Faded Glory: On Being an Ex-Firefighter, Part 1

I used to be a volunteer firefighter.

I wore a pager on my belt. I had a radio by my easy chair, programmed to scan dozens of local emergency frequencies. Every Tuesday night was drill night. Alarms frequently interrupted my weekday evenings at home and family activities on the weekend. I could imagine the location of virtually any address in my town and I often roamed the rural areas, looking for odd addresses.

I scanned the horizon often, looking for the first faint plumes of dark smoke that indicated a brush fire. I ignored the huge billows of white smoke erupting from controlled burning of wheat field stubble.

Every siren caught my attention instantly. I could distinguish between police and ambulance calls just by the sound. Police prefer the yelp...medics favor the wail.

I became anxious during hot afternoons if more than four hours passed quietly without a call. Hot weather seems to ignite the trash-burning instinct in most farmers. They love to rake together dried weeds and rotten boards, dousing the edges of the pile with a mix of diesel and gasoline, igniting it with a butane pocket lighter, watching the fire grow until it reaches a climax, and then driving away, confident that the wind would not rise, nor radiant energy cause the nearby building to join the furor, nor dried grass furtively to steal away small flames, spreading the fire to stacked bales of hay.

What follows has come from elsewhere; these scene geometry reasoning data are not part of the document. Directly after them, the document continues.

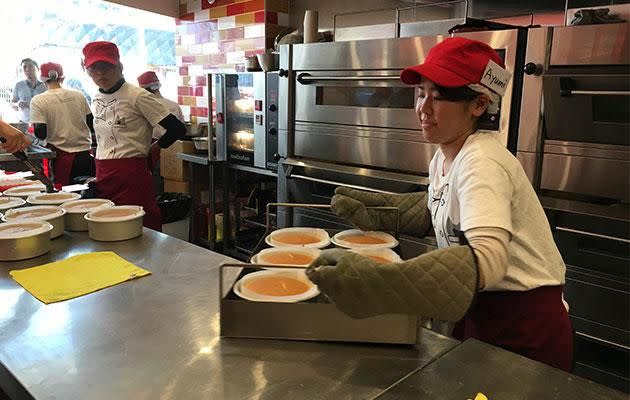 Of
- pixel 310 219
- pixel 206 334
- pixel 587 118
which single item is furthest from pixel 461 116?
pixel 310 219

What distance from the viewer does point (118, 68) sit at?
117 inches

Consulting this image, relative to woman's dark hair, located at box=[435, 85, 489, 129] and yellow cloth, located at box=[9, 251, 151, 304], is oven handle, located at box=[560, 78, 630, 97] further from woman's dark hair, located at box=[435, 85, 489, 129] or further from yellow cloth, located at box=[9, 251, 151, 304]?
yellow cloth, located at box=[9, 251, 151, 304]

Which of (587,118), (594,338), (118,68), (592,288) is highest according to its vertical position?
(118,68)

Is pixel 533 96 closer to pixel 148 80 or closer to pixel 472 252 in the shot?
pixel 472 252

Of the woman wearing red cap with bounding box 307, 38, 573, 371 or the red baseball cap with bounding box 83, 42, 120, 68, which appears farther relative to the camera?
the red baseball cap with bounding box 83, 42, 120, 68

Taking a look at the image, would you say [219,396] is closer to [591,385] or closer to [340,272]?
[340,272]

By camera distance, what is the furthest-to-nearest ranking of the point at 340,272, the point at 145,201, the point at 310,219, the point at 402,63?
the point at 310,219, the point at 145,201, the point at 402,63, the point at 340,272

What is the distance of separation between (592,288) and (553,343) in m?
1.19

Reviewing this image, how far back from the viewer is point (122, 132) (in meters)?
2.99

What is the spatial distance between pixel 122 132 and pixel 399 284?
2533 mm

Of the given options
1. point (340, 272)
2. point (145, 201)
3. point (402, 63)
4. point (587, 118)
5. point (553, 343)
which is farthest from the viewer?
point (145, 201)

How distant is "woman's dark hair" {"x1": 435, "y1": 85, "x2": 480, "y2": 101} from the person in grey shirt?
5.64 metres

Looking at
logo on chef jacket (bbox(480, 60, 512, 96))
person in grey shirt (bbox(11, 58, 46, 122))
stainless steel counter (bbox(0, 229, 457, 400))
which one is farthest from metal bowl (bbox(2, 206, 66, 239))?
person in grey shirt (bbox(11, 58, 46, 122))

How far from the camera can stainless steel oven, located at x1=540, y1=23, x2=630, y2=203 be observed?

I loved the smell of diesel in the firehouse, blended delicately with a hint of sage smoke and sweat. We called our protective clothing, "turnouts". They were heavy, fire-retardant, thickly-insulated pants and jacket, secured with snaps, buckles, and suspenders. Our boots were calf-high, black and yellow rubber, with deeply textured soles. All of my gear smelled of smoke. We washed our turnout after most fires, especially after the dirty, all-night, soaking-wet structure fires, but soap and water could not completely eliminate the smell of smoke.

The skill of which I felt the most pride was that of donning an airpack. Entering the interior of a smoke-filled, burning-hot structure required the use of bottled air. Self-Contained Breathing Apparatus, SCBA, provided a cylinder of compressed air, wrapped with a harness and connected to the firefighter's face with a mask and breathing tube. We called the gear an "airpack". Start to finish, an airpack should be on the firefighter's back, mask in place, turnouts buttoned up, in less than 60 seconds...I usually could do it in about 25 seconds.

The only time I hated being a firefighter was after a long day of back-to-back calls. Three calls in one day was about the maximum number I could endure before I became irritated and apathetic. Hot, windy, late-summer days, with lightning strikes in the evening brought multiple fires, sometimes simultaneously. I remember feeling exhausted and angry, irritated with ditch-burning crews who failed to monitor their fires, resentful of supervisors who expected too much, too often, and regretting the time I was missing with my family.

I used to be a volunteer firefighter, but now I'm an ex-firefighter.